Il riassunto della puntata:
L'articolo 1749 del Codice Civile, citato a braccio dal nostro mentore legale in studio, l'avvocato Lorenzo Bianchi, sancisce che “l'agente ha diritto di esigere che gli siano fornite tutte le informazioni necessarie per verificare l'importo delle provvigioni liquidate e in particolare un estratto dei libri contabili”. Questo diritto di verifica viene in soccorso di ogni agente il quale, assalito dal dubbio che la propria mandante non si stia comportando correttamente nei suoi confronti.
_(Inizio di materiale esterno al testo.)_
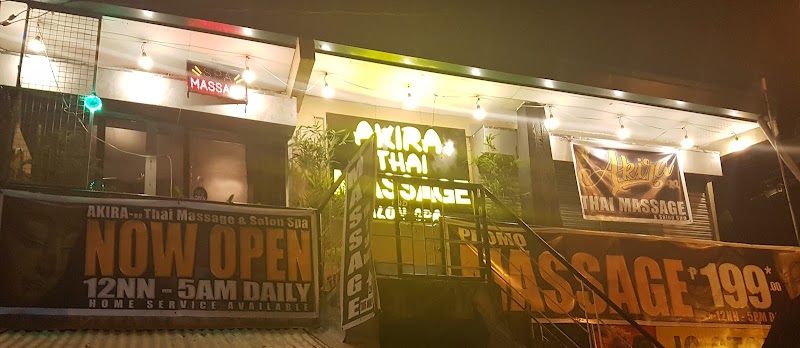 Akira Thai Taytay - Day Spa in Taytay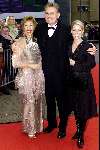 SCHEVENINGEN 21 oktober 2001
Premiere Aida in het circustheater.
Henny Huisman met vrouw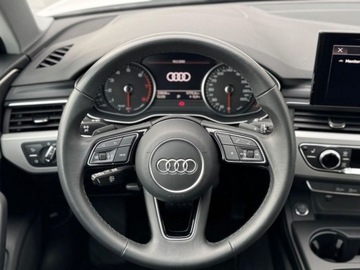 Audi A4 B9 Limousine Facelifting 2.0 35 TFSI 150KM 2024 Audi A4 Limousine A4 2.0 TFSI 150 KM S tronic LED Kamera Cofania 3-strefow, zdjęcie 16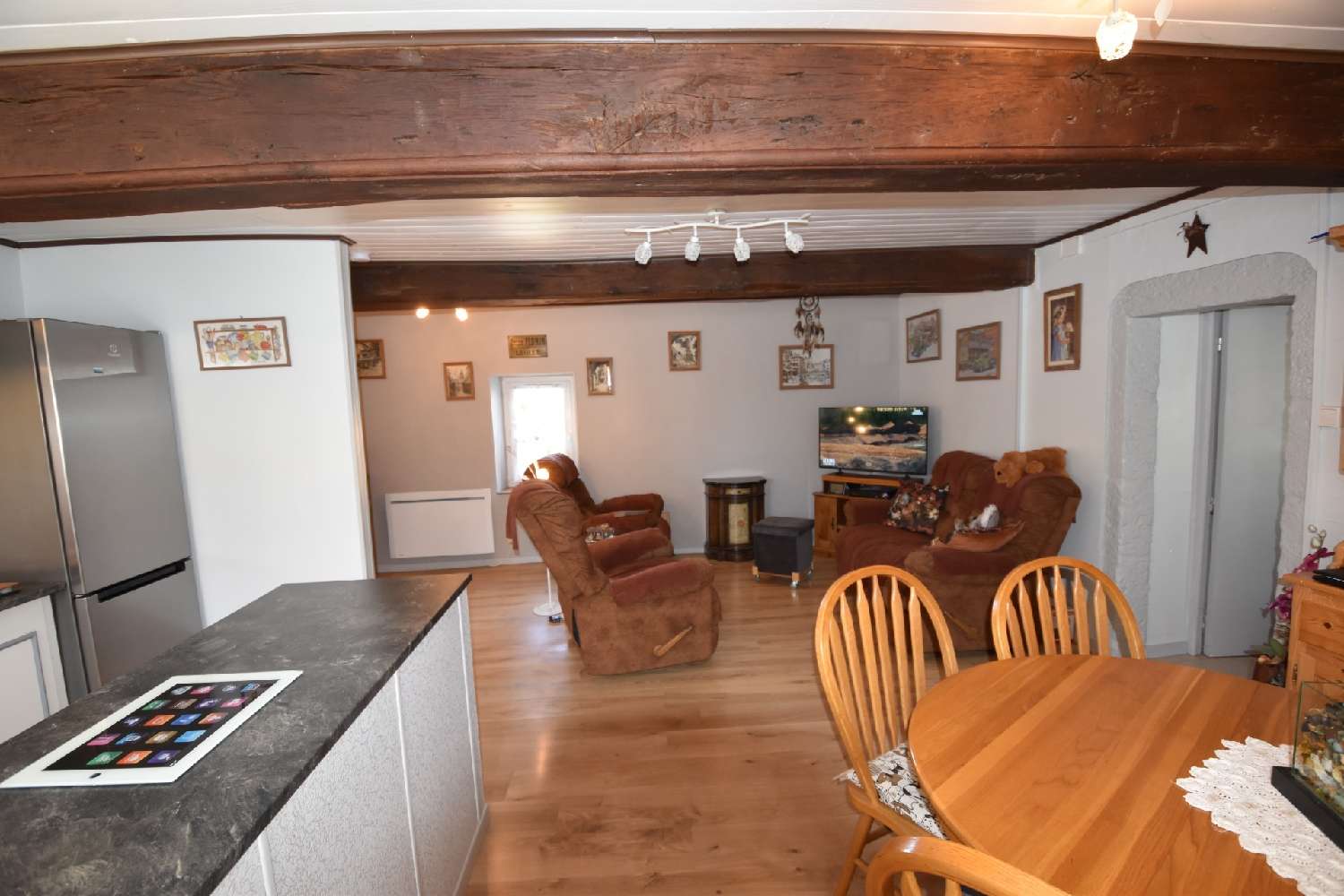 à vendre maison Chalmoux Saône-et-Loire 5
Ma, per quanto statuito dalla legge, difficilmente si assiste a un agente che, in costanza di rapporto, si avvalga di questa facoltà. Già perché, è facile prevederlo, non rende i rapporti amichevoli e sereni.
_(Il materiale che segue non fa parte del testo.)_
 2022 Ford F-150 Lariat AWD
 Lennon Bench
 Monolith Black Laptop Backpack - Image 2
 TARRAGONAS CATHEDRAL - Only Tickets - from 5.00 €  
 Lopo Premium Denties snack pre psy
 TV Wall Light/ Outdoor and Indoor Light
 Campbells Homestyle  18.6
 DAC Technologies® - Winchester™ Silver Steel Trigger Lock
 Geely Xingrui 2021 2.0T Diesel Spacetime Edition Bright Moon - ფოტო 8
L'agente dunque può richiedere il libro iva, le bolle di consegna e tutta la documentazione che possa permettere di controllare che l'estratto conto provvigionale consegnato dall'azienda sia irreprensibile e che registri ogni affare e ogni relativo importo. Anche quello degli affari indiretti, che è sicuramente quello su cui un agente che non si senta in armonia con la propria preponente, può avere i dubbi maggiori.
A questo punto, l'avvocato ci suggerisce di non limitarci a leggere superficialmente la normativa e di andare a scorrere anche la direttiva CEE del 1986, che ha modificato la disciplina agenziale in tutta Europa. Qui, la norma dice che l'agente ha diritto di verifica delle provvigioni dovute. Non liquidate. Non è una differenza sottile, che purtroppo il nostro Codice Civile, pure modificato nel 1991 ad accogliere le disposizioni della direttiva, non ha registrato. Ovviamente, la legge europea deve prevalere anche in Italia, avendo efficacia imperativa anche nel nostro Paese.
Tanto più che, lo stesso Codice Civile lo ricorda al secondo comma dell'articolo 1748, l'agente ha diritto alle provvigioni indirette sugli affari conclusi dalla mandante nel proprio territorio, e quindi, anche quei pagamenti sarebbero dovuti. Se si sospetta la violazione dell'esclusiva da parte di un collaboratore dell'azienda, o di un altro collega, o della direzione stessa, esercitando questo diritto la si può riscontrare. L'argomento è complesso e un agente in una situazione analoga dovrebbe richiedere una consulenza legale personalizzata.
Capita assai frequentemente che, a seguito di un cambiamento nella proprietà o nel management aziendali, pure con un rapporto molto lungo alle spalle, un agente cominci a vedere un cambio di atteggiamento nei propri confronti. Come se l'azienda, all'improvviso, volesse danneggiarlo e non aiutarlo a realizzare i suoi affari. Come se l'azienda, vedendo approssimarsi il momento in cui dovrà versare indennità calcolate su un periodo molto lungo, preferisse che l'agente si mettesse alla porta da solo. E qui, esercitare il diritto di verifica non sarebbe affatto inutile.
Tuttavia, occorre sottolineare che tale facoltà si può esercitare solo in relazione alle provvigioni proprie, e non alle condizioni che, magari, si presume stabilite per altri colleghi. Inoltre, questo diritto sostanziale è diverso da quello processuale: quando si va in giudizio, il riconoscimento di un diritto sostanziale si ottiene tramite un percorso processuale fatto di prove. Quindi, l'agente può reclamare la contabilità per la verifica, in via sostanziale, delle provvigioni proprie, ma il diritto a provare altre circostanze è questione diversa, che appartiene al codice di procedura civile. Quindi, se l'agente vuole fare un controllo sul listino di un collega, lo può fare chiedendo al giudice di ordinare all'azienda di produrre quei documenti. “Attenzione, però”, ammonisce l'avvocato Bianchi, “la richiesta si avanza se ci sono principi di prova seri, non sensazioni o voci di corridoio”.
Con una richiesta in questo senso, l'agente farebbe valere il suo diritto di un rapporto improntato a lealtà, buona fede e trasparenza, ovvero i principi cardine di ogni rapporto di agenzia, la cui violazione incide inevitabilmente, benché indirettamente, sul volume delle provvigioni, in quanto non consente di competere nella zona affidata.
Il consiglio è, comunque, di non avviare un contenzioso legale solo su questo argomento, visto quanto sarebbe difficilmente provabile, ma di farne menzione in un contesto dibattimentale più ampio, che verta anche su altri aspetti.